■ Task prompt:
What should be copied is the stretch of entries below from the line with "Pedestrians cross a" up to and including the line with "r e s e r v", exactly and without images.

Records from a data collection:
· · ·

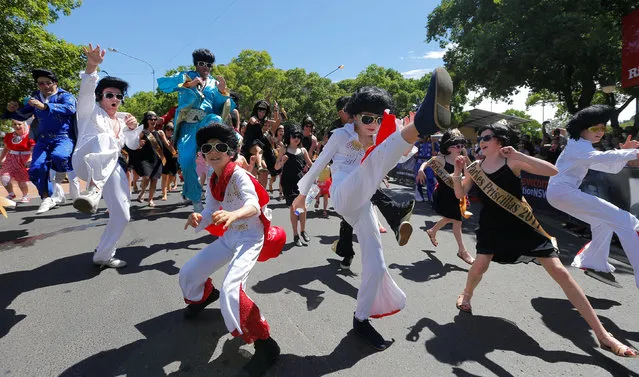 Children and adults dressed as Elvis Presley participate in a street parade at the 25th annual Parkes Elvis Festival in the rural Australian town of Parkes, west of Sydney, January 14, 2017. (Photo by Jason Reed/Reuters)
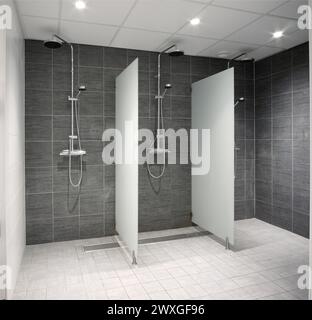 Drei neue leere Duschen. Stockfoto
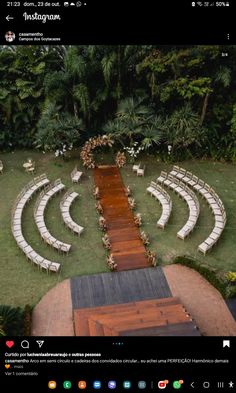 an aerial view of a wedding venue with white chairs and wooden steps leading up to the aisle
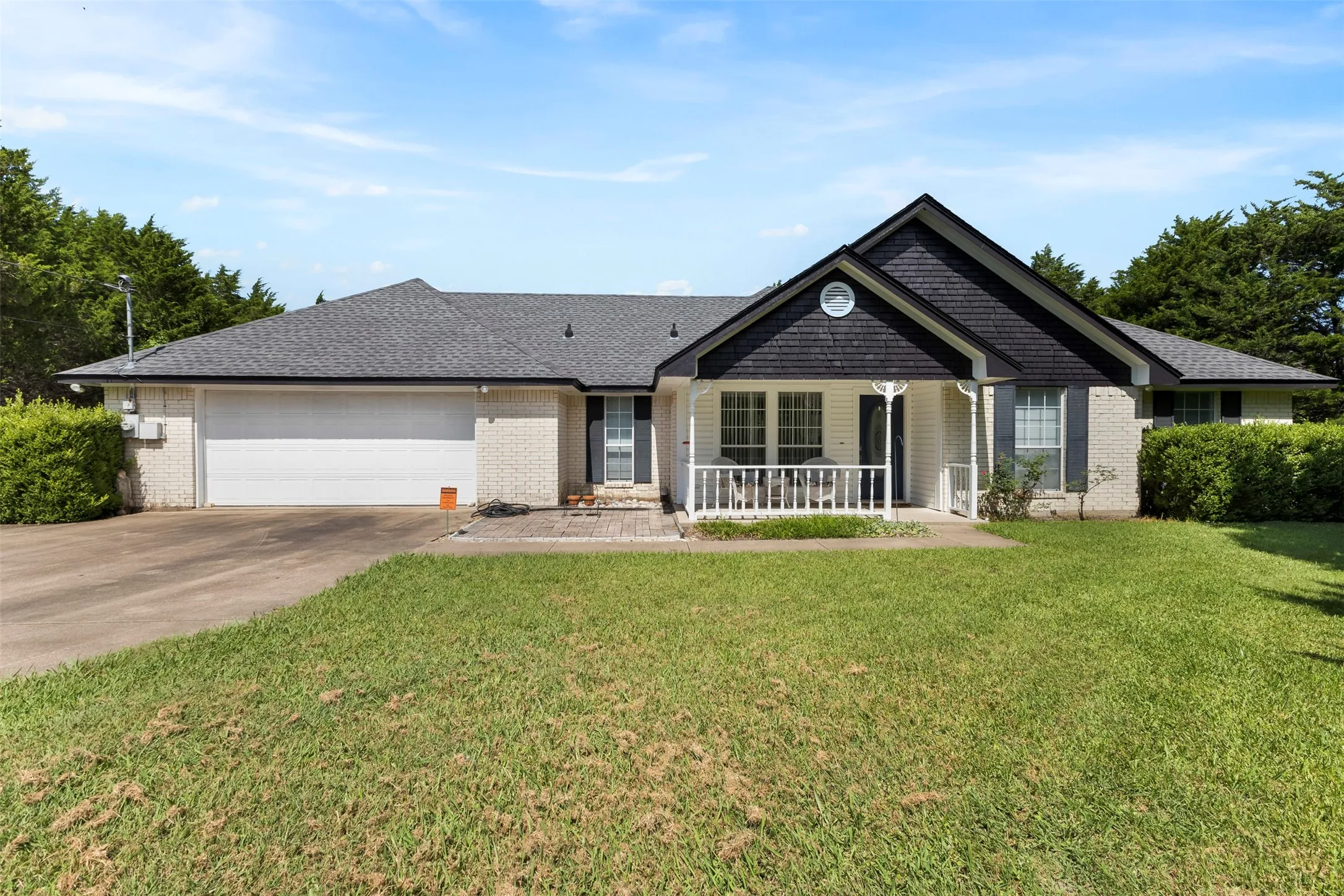 Ranch-style residence featuring a white brick facade, dark gray shingle roof, and a covered front porch with white railings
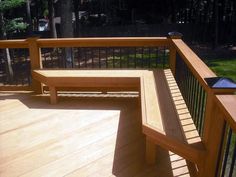 a wooden bench sitting on top of a wooden deck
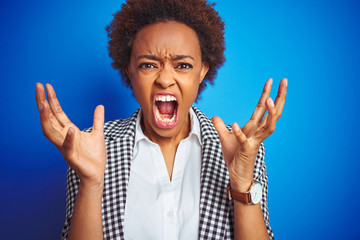 African american business executive woman over isolated blue background crazy and mad shouting and yelling with aggressive expression and arms raised. Frustration concept.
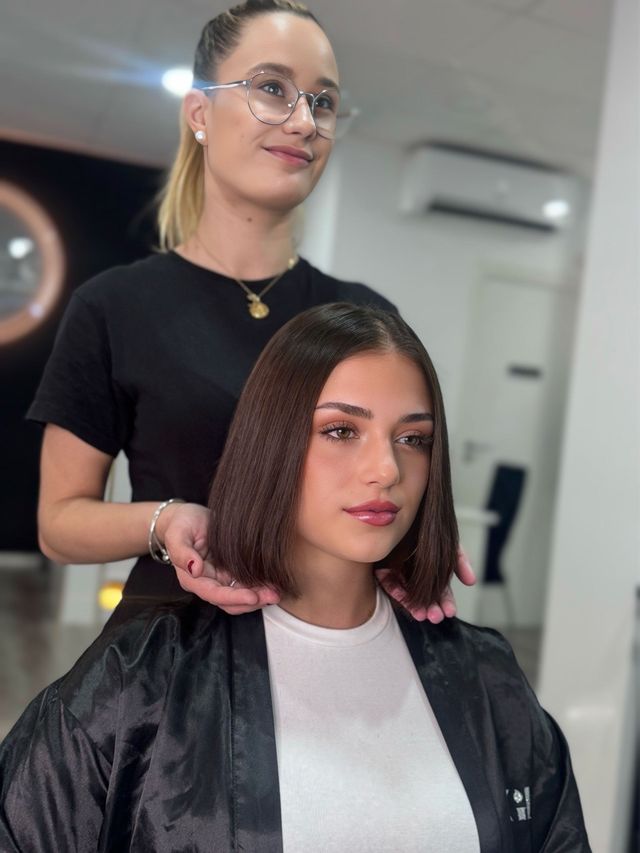 Estilista con clienta; corte bob terminado. Mujer con camisa negra y gafas, otra con top blanco, mirando a cámara.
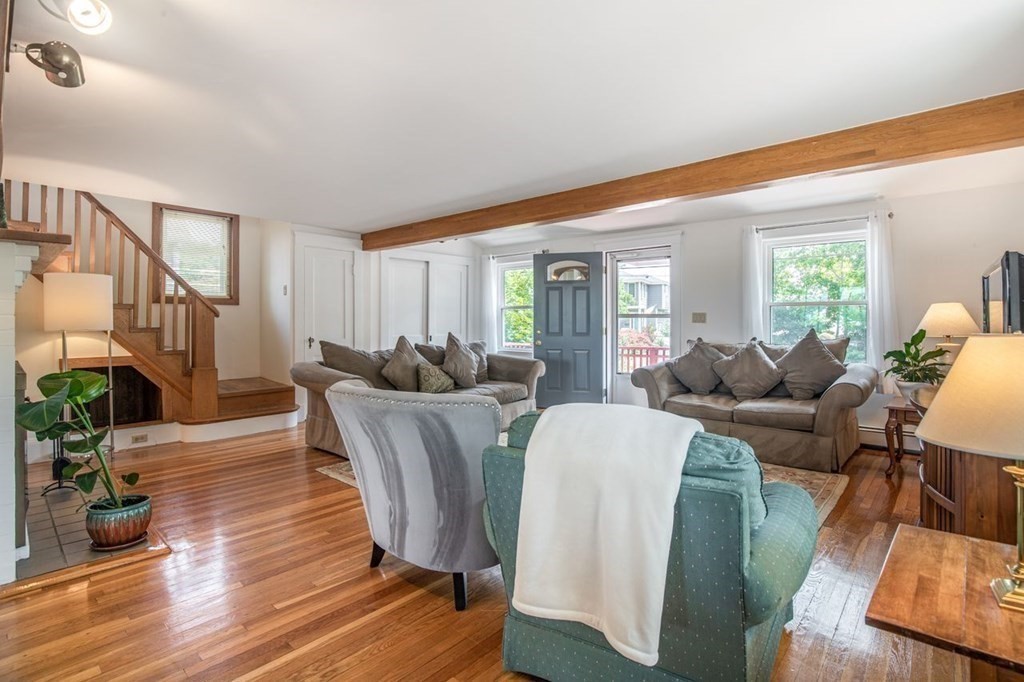 23 Cliff Road Gloucester, MA 01930 - Photo 5 of 37 a living room with furniture a fireplace and wooden floor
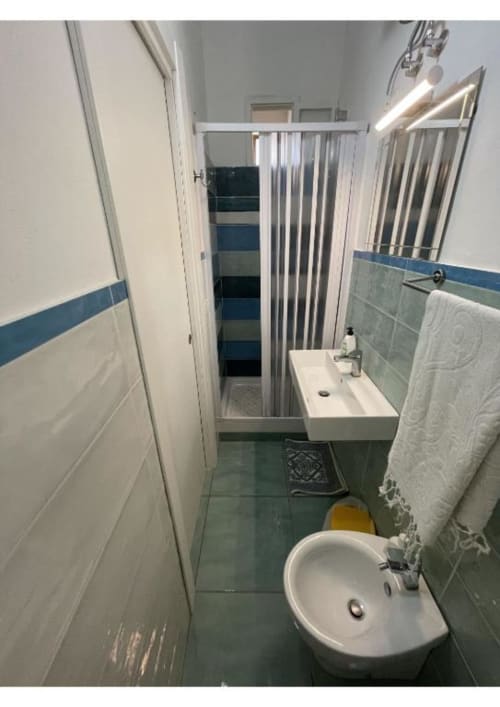 Bagno moderno di Casa Ida 2 a Vietri sul Mare con lavabo bianco, bidet, doccia e dettagli in piastrelle blu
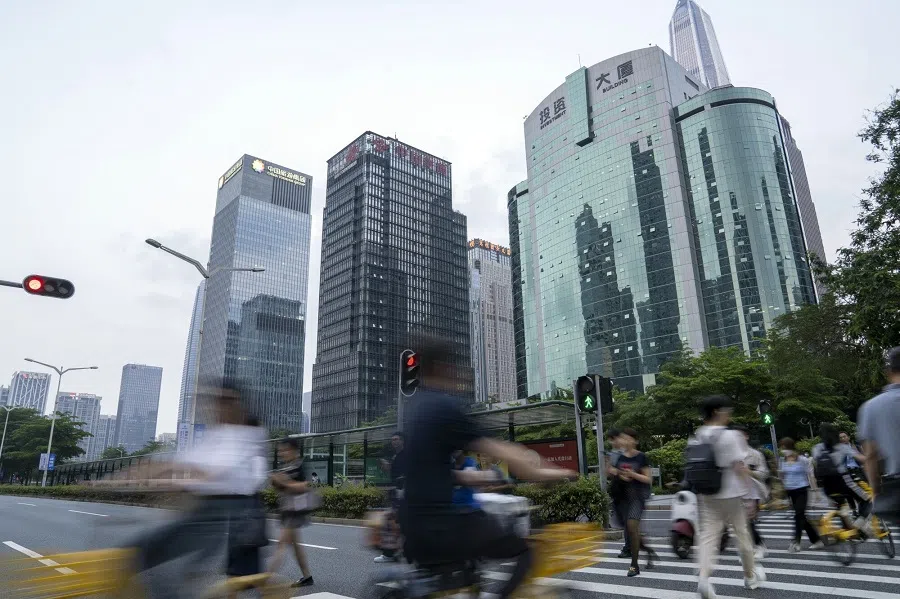 Pedestrians cross a road in Shenzhen, China on 7 May 2024.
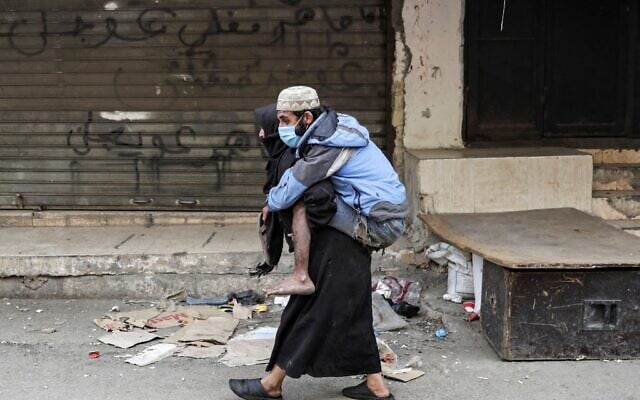 A woman carries a diabled man wearing a protective face mask the Sabra neighbourhood of Beirut where many Palestinian refugees still live on March 22, 2020. (ANWAR AMRO / AFP) A woman carries a diabled man wearing a protective face mask the Sabra neighbourhood of Beirut where many Palestinian refugees still live on March 22, 2020. (ANWAR AMRO / AFP)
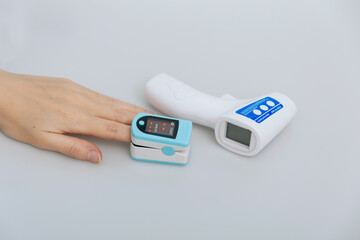 Pulse oximeter and thermometer gun on white background. Infrared isometric thermometer gun to check...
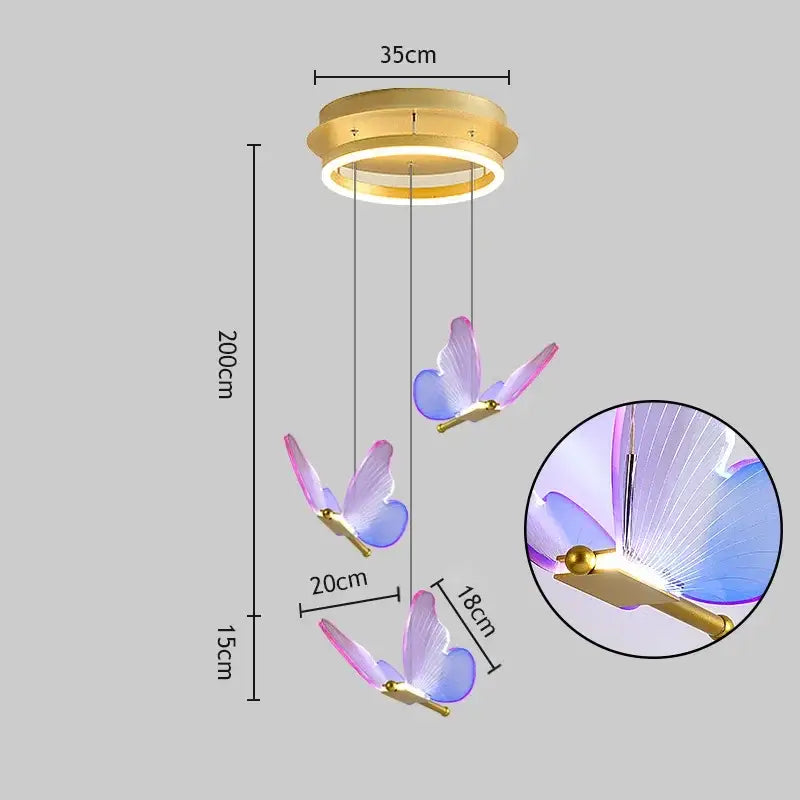 A modern gold-toned decorbites butterfly led chandelier with three translucent purple and blue butterfly elements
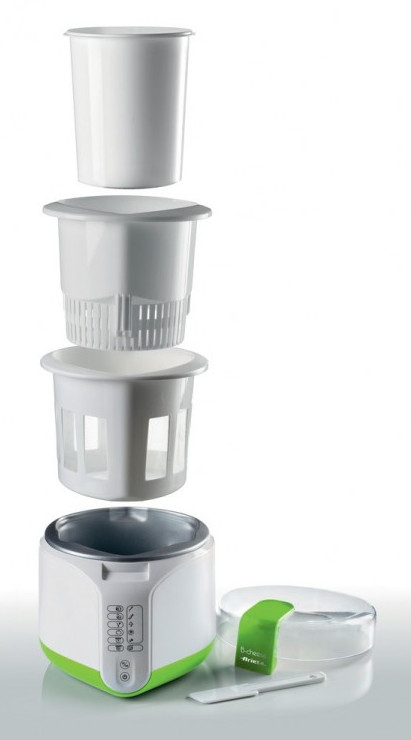 Zdemontowany biało-zielony jogurtownik. Części obejmują pojemnik, wewnętrzne kosze i podstawę z przyciskami. Obecna jest również pokrywa i szpatułka.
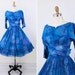 r e s e r v e d - vintage 50s 60s dress // Blue and Purple Watercolor Floral Party Dress with Sheer Overlay and Side Bow
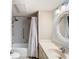 Well-lit bathroom featuring white cabinets and shower with curtain at 976 E Michigan St # A, Orlando, FL 32806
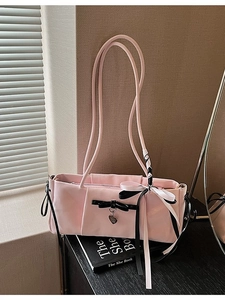 Elegant pink rectangular shoulder bag with ribbon bow and heart pendant on a book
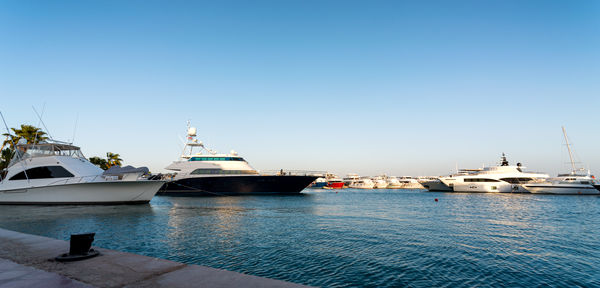 Boats moored in sea against clear blue sky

· · ·

■ Solved problem:
 Pedestrians cross a road in Shenzhen, China on 7 May 2024.
 A woman carries a diabled man wearing a protective face mask the Sabra neighbourhood of Beirut where many Palestinian refugees still live on March 22, 2020. (ANWAR AMRO / AFP) A woman carries a diabled man wearing a protective face mask the Sabra neighbourhood of Beirut where many Palestinian refugees still live on March 22, 2020. (ANWAR AMRO / AFP)
 Pulse oximeter and thermometer gun on white background. Infrared isometric thermometer gun to check...
 A modern gold-toned decorbites butterfly led chandelier with three translucent purple and blue butterfly elements
 Zdemontowany biało-zielony jogurtownik. Części obejmują pojemnik, wewnętrzne kosze i podstawę z przyciskami. Obecna jest również pokrywa i szpatułka.
 r e s e r v e d - vintage 50s 60s dress // Blue and Purple Watercolor Floral Party Dress with Sheer Overlay and Side Bow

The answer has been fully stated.